Press-Republican

Columns

March 24, 2013

Where to draw the lines

I try to not be cynical, as difficult as that is at times.

One response to the Newtown shooting tragedy is to hire up to 200,000 armed guards for every school in the country. Another is to arm teachers, presumably with semi-automatic rifles, if they are to effectively counter a madman bent on destruction. Aren’t these suggestions a bit bizarre?

Another suggestion is to ban violent video games, movies and art. This issue is complicated because it pits one constitutional amendment against another.

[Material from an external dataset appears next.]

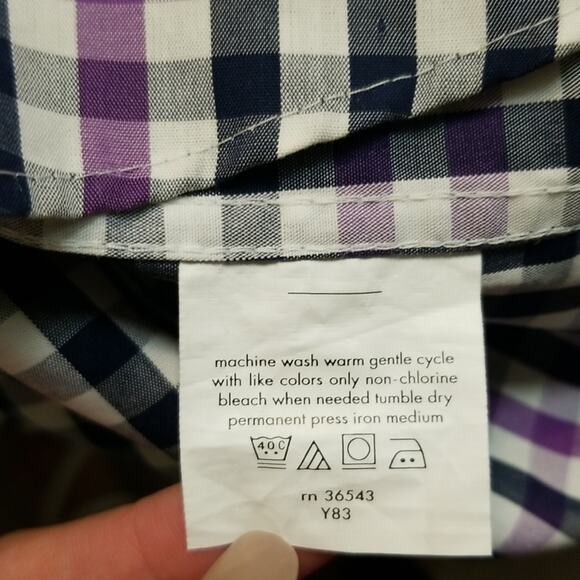 $10 Sale Kenneth Cole Plaid Long Sleeve Button Down Shirt - Picture 5 of 5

The first preserves the right to free speech. It was designed to encourage debate and discourage oppression. It was followed with the second amendment, designed to ensure a new country could defend itself against a larger opposing force. There, our founders stated:

A well regulated Militia, being necessary to the security of a free State, the right of the people to keep and bear Arms, shall not be infringed.

Our region certainly appreciated the challenges of a free state. The Battle of Plattsburgh preserved a fledgling nation that had threats from the British Empire. A young country certainly had to be armed to preserve our borders — then.

Does this well-armed militia need to preserve security from within rather than without? If so, let’s have that discussion. I will be the first to participate.

But, if we believe that, in our imperfect democracy, we must limit the first to expand the second amendment, we must have an open discussion of the relationship between two sometimes competing rights. The first promotes freedom of ideas and expression. I don’t believe that means cowardly anonymity, but I do believe in free expression, which might permit people to partake in violent video games and videos, as repulsive as they might be.

Advocates of the second amendment now ask us to trash the first. Wayne LaPierre of the National Rifle Association claims we ought to arm all schools and ban violent video games and movies.